Building African Next Voices: Our Journey

How we helped deliver the South African component of the Africa Next Voices initiative alongside DSFSI, building TalkTag and producing large-scale ethical speech datasets.

For more than two decades, we have worked at the intersection of language and technology. Since 2002, our roots have been in human transcription, helping organisations capture spoken language with accuracy and care. Over time, however, we saw a shift coming. Speech technology was evolving quickly, and the need for high-quality training data — especially for underrepresented languages — was becoming urgent.

Our journey into large-scale speech data began with smaller, custom collection projects across different English dialects. These early projects taught us valuable lessons about recruitment, recording workflows, and data management. In 2021, we took a major step forward by producing our own conversational datasets for South African languages, recording 50 hours each of English, Afrikaans, isiZulu, and Sesotho. Those projects strengthened our relationships within the local speech-AI ecosystem and laid the groundwork for something far bigger.

That opportunity arrived in the form of Africa Next Voices.

What Africa Next Voices Set Out to Achieve

Africa Next Voices (ANV) is a large-scale initiative supported by the Gates Foundation and a network of research and technology partners working to expand high-quality speech datasets for African languages. The project spans multiple countries and organisations, each contributing expertise in linguistics, technology, and community-driven data collection.

In South Africa, the project is coordinated by the Data Science for Social Impact (DSFSI) group at the University of Pretoria. Our role at Way With Words is to act as the data production and workflow partner — designing and running the large-scale recording, transcription, proofing, and quality control processes needed to deliver the South African dataset.

The South African component alone aimed to produce approximately 3,000 hours of speech across seven languages. The scale of the project reflected a growing recognition that AI systems cannot become truly inclusive without strong representation of African voices, accents, and linguistic diversity.

During the project, Dr Vukosi Marivate described the work as a watershed moment for African language technology — a shift toward building datasets that reflect how people actually speak, rather than relying on scraped or artificial sources. That vision aligned closely with our own approach to ethical, community-driven data.

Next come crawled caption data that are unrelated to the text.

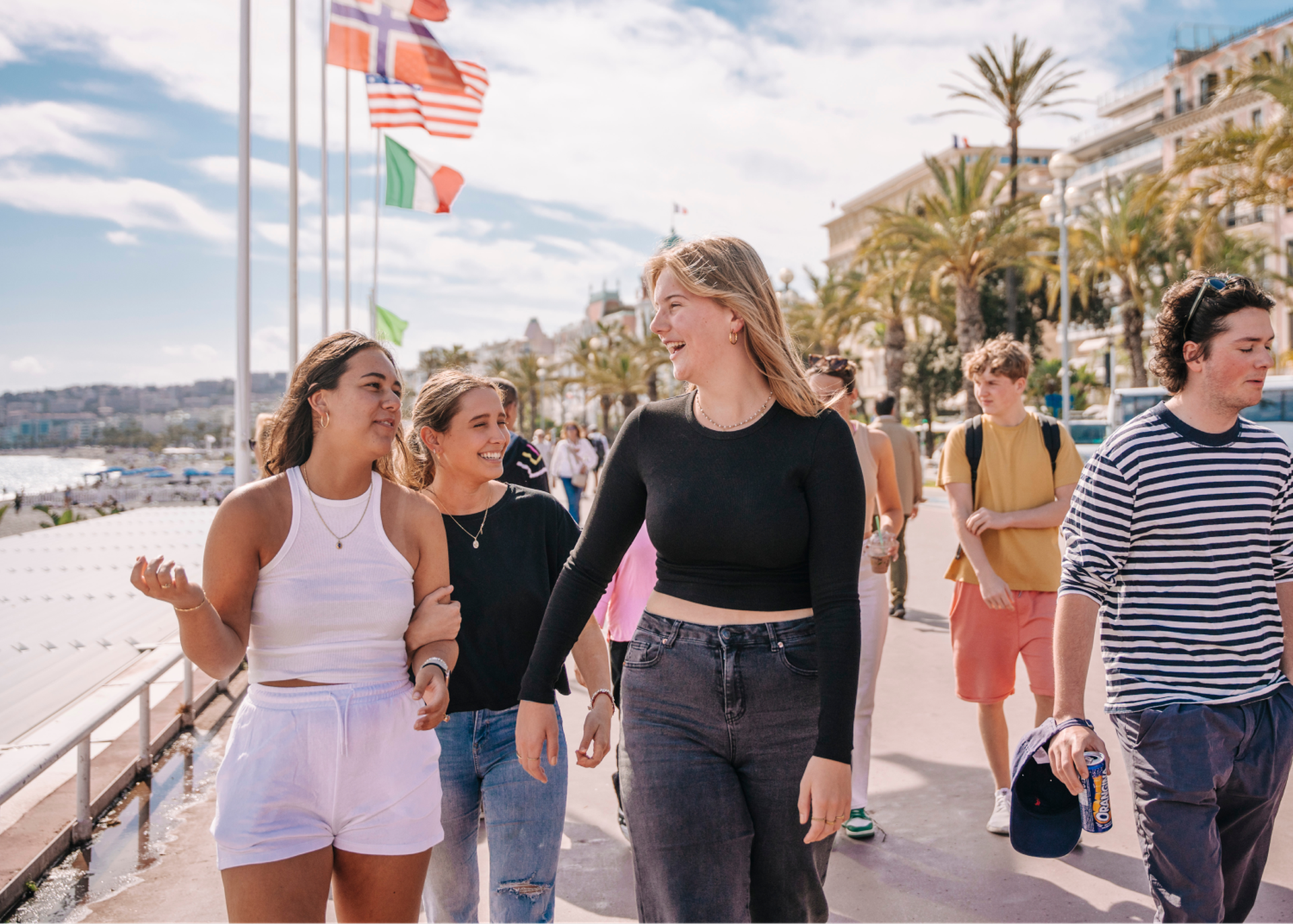 Students At Promenade Des Anglais
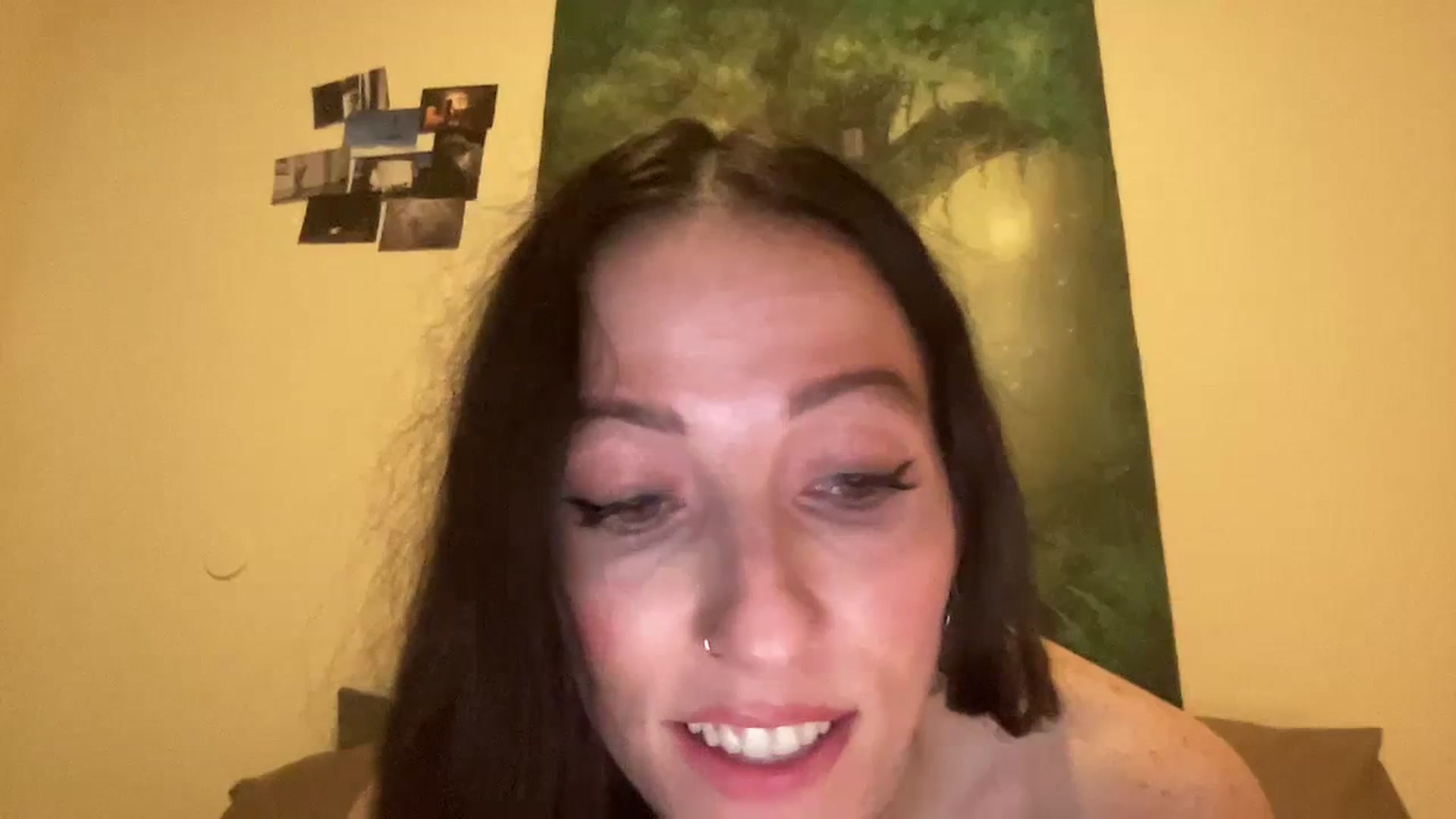 Gallery image thumbnail from Ellebabe's myfreecams stream on, 01/05/2024, 09:15 image 7 of 20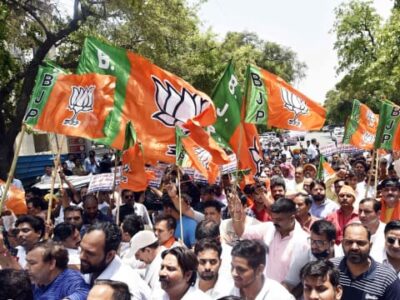 दिल्ली शराब घोटाले को लेकर केजरीवाल सरकार के खिलाफ BJP ने किया विरोध प्रदर्शन, बोला CM अरविंद केजरीवाल इस्तीफ़ा दे…. 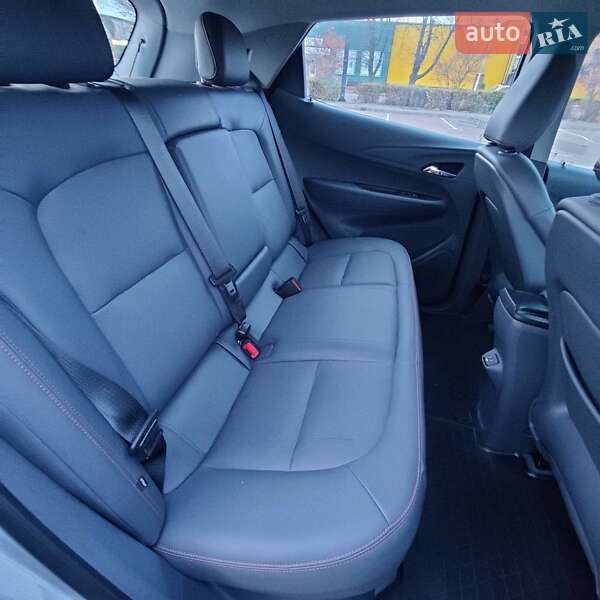 Хэтчбек Chevrolet Bolt EV 2021 в Житомире фото 7 Хэтчбек Chevrolet Bolt EV 2021 в Житомире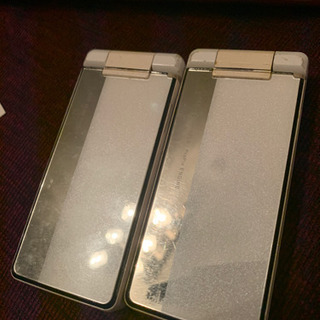 携帯電話　ガラケー docomo　SH-06A ホワイト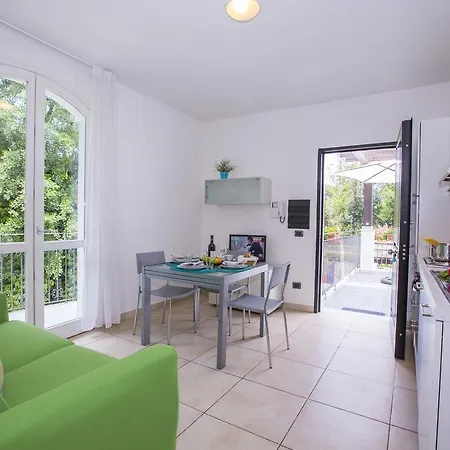 Casa Bianca מלון דירות *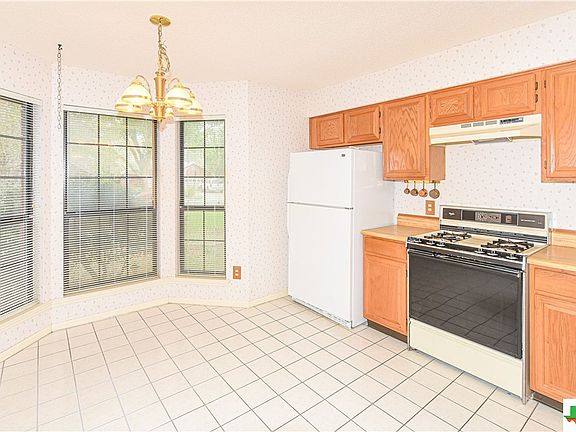 4th image of 6605 Zequiel Dr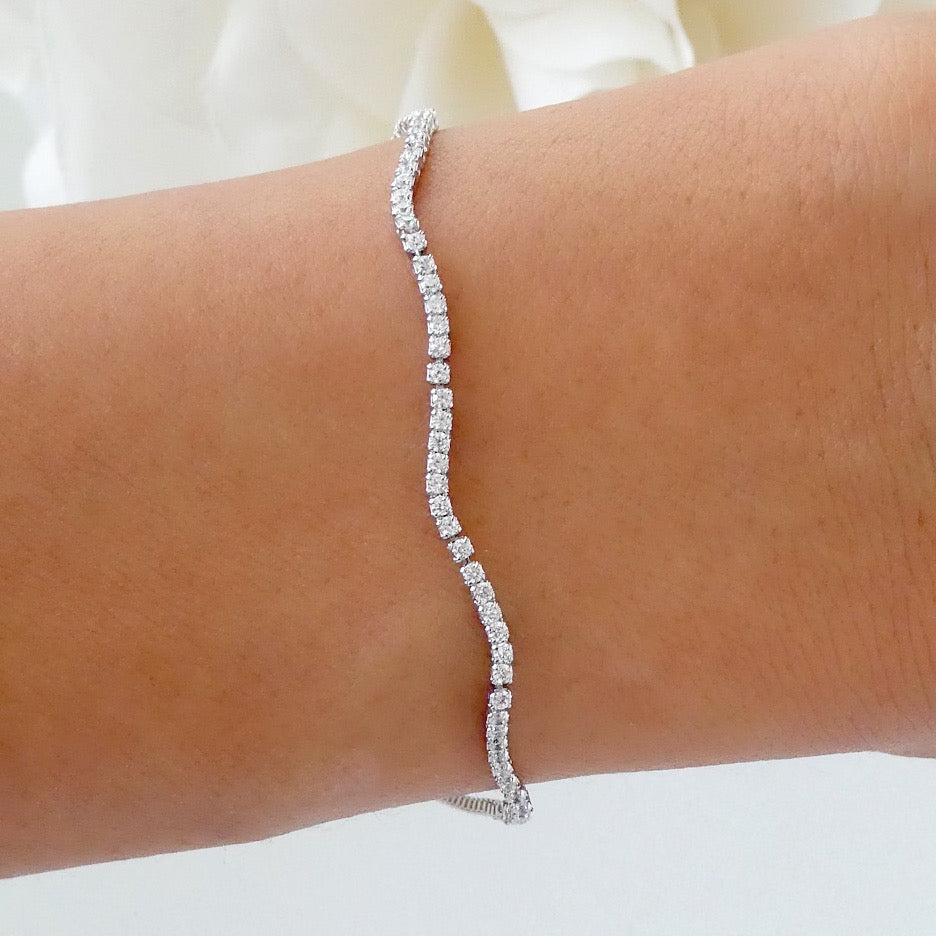 Simple Crystal Wave Bracelet (Silver)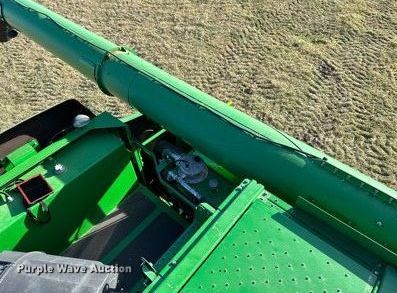 image for item LO9385 2013 John Deere S680S STS  combine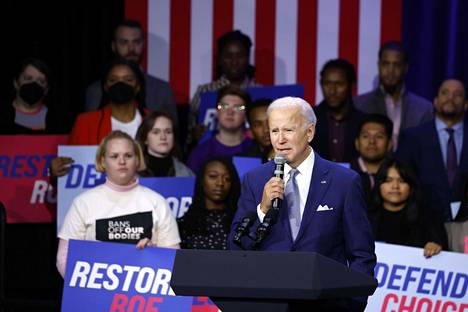 Yhdysvaltain presidentti Joe Biden puhui aborttioikeuden puolesta demokraattipuolueen tilaisuudessa Washingtonissa tiistaina.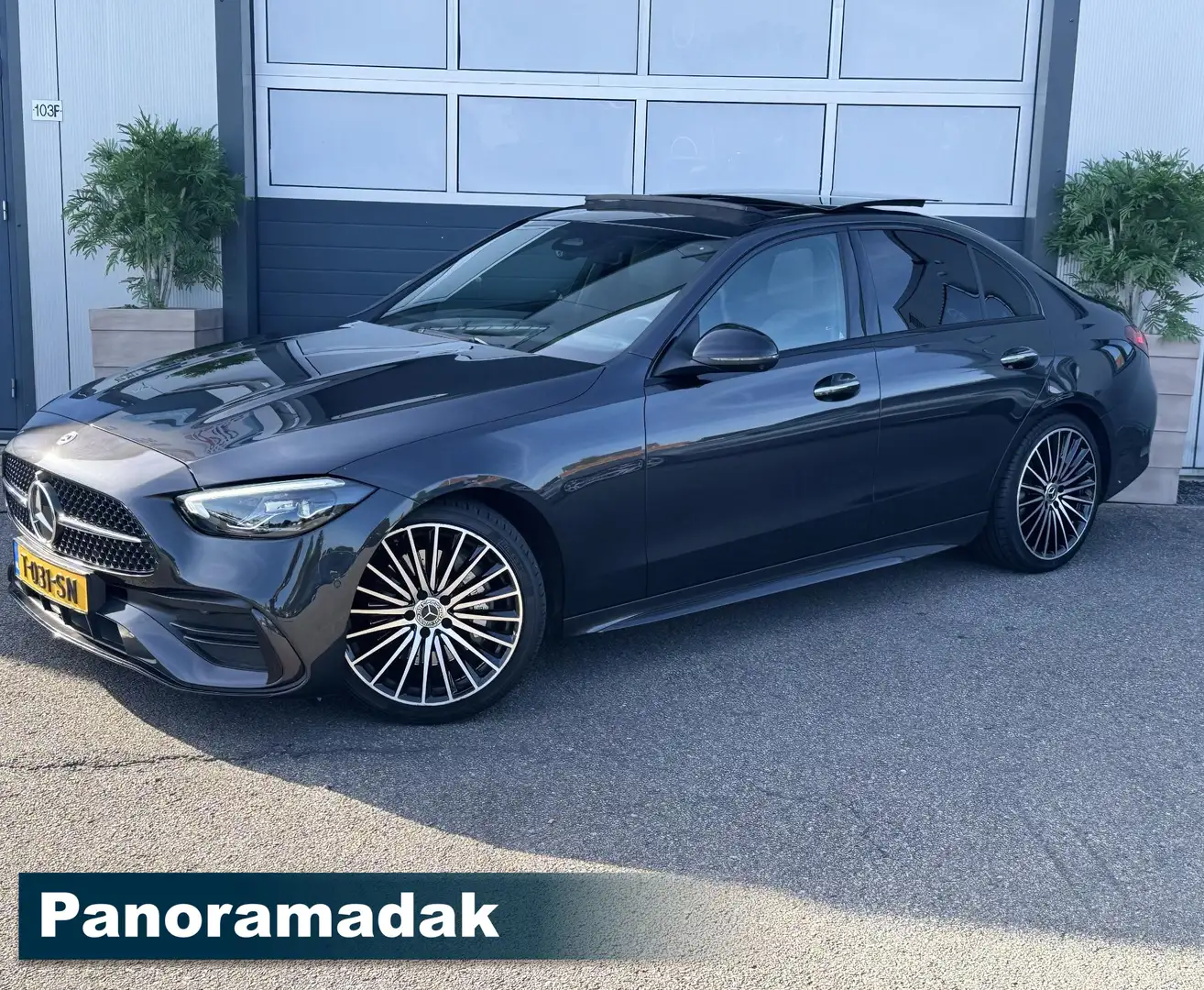 Mercedes-Benz C 200 AMG Line / PANO /360 CAMERA / TREKHAAK / MEMORY / Grijs - 2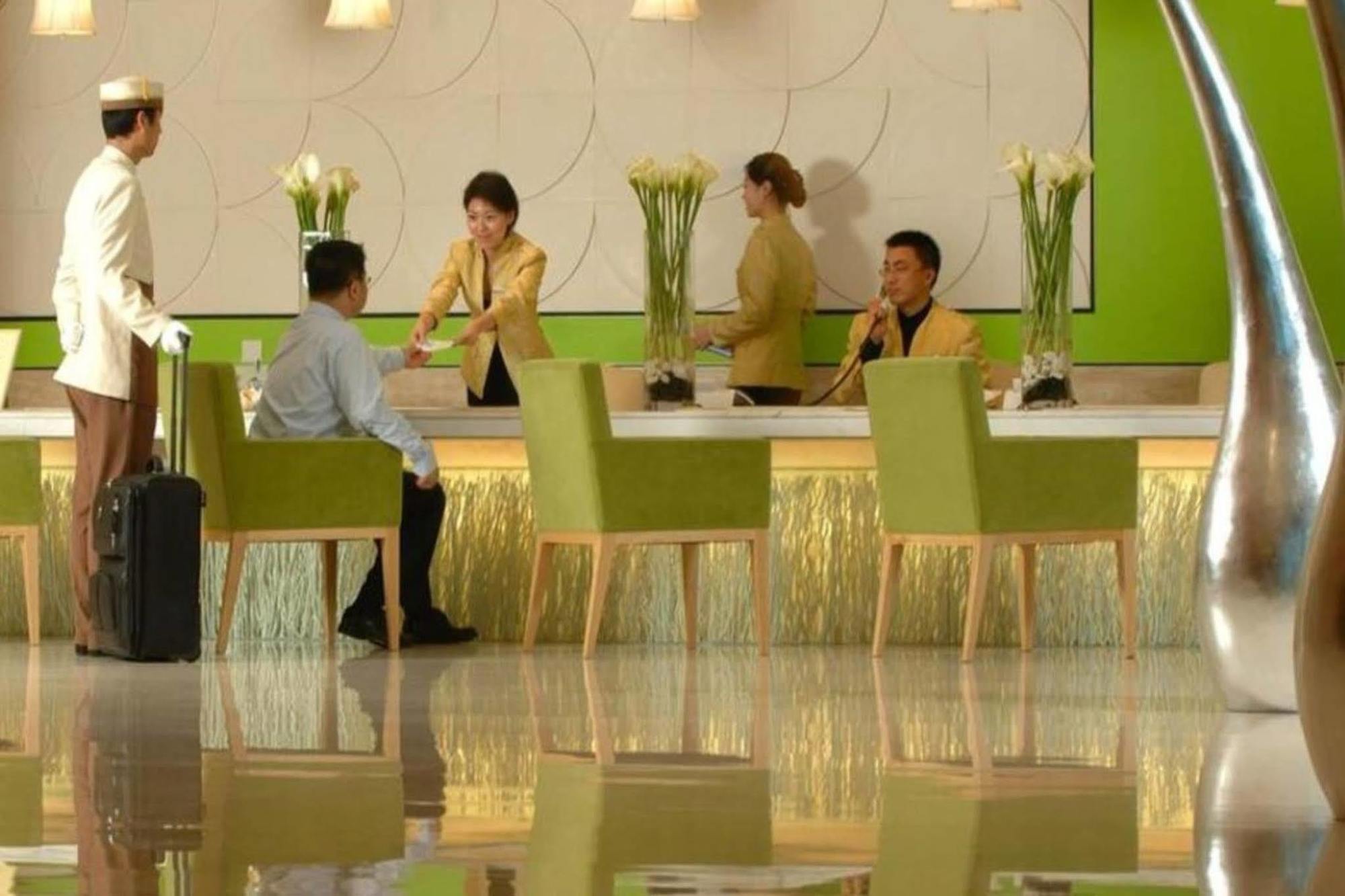 Weihai Haiyue Jianguo Hotel Buitenkant foto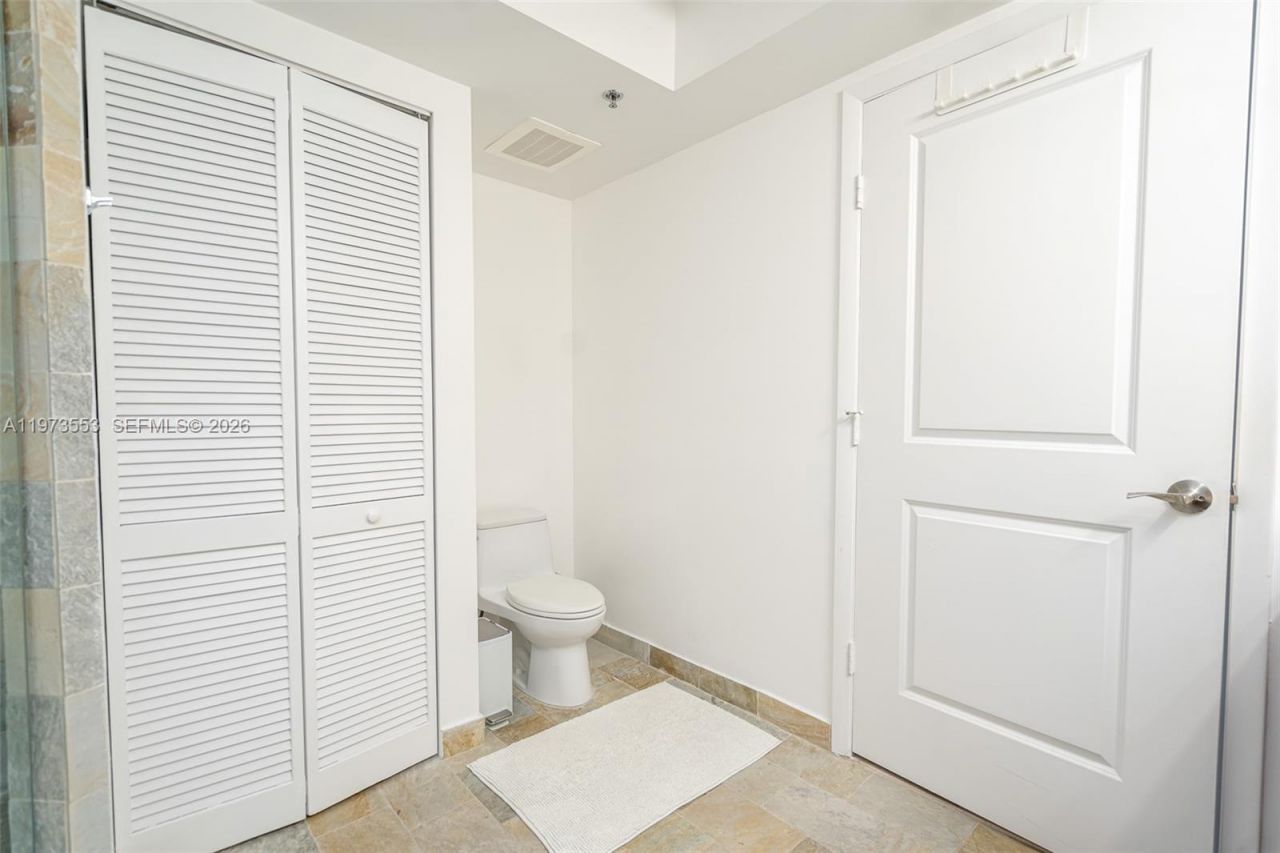 2641 N Flamingo Rd, Unit 1603N, Sunrise, FL 33323 Photo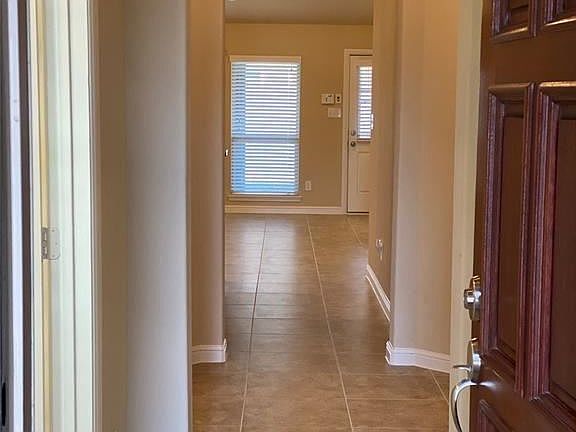 3rd image of 18930 Majestic Vista Ln
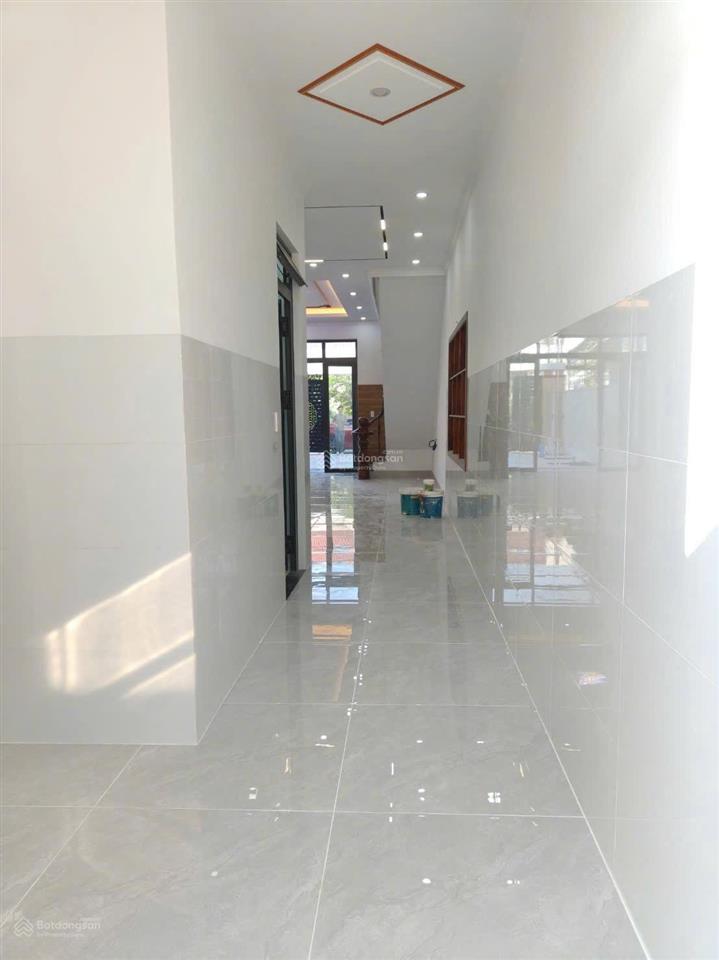 Cần bán căn nhà 1 trệt 1 lầu, hiện tại rẻ hơn thị trường 800 triệu, diện tích 65m2 full thổ cư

From Transcription Company to Data Builder

When we joined Africa Next Voices alongside DSFSI and the broader ANV consortium, we knew the scale would be unlike anything we had done before. The South African component required the coordination of thousands of contributors, complex recording workflows, and strict quality standards — all delivered within an 18-month timeline.

Our traditional, manual workflows were not designed for this level of complexity. Managing recordings, transcripts, proofing, and quality control across such a large distributed team required a complete rethink of how we operated.

So we built TalkTag.

Over eight months, our technical team developed TalkTag — a spoke-based workflow designed specifically for large-scale speech data production. TalkTag allowed us to manage recording, proofing, quality control, contractor coordination, and dataset packaging in a single unified environment. The platform also introduced payment tracking, identity management for accounting, and real-time monitoring of progress — essential features when working with more than 3,000 contributors.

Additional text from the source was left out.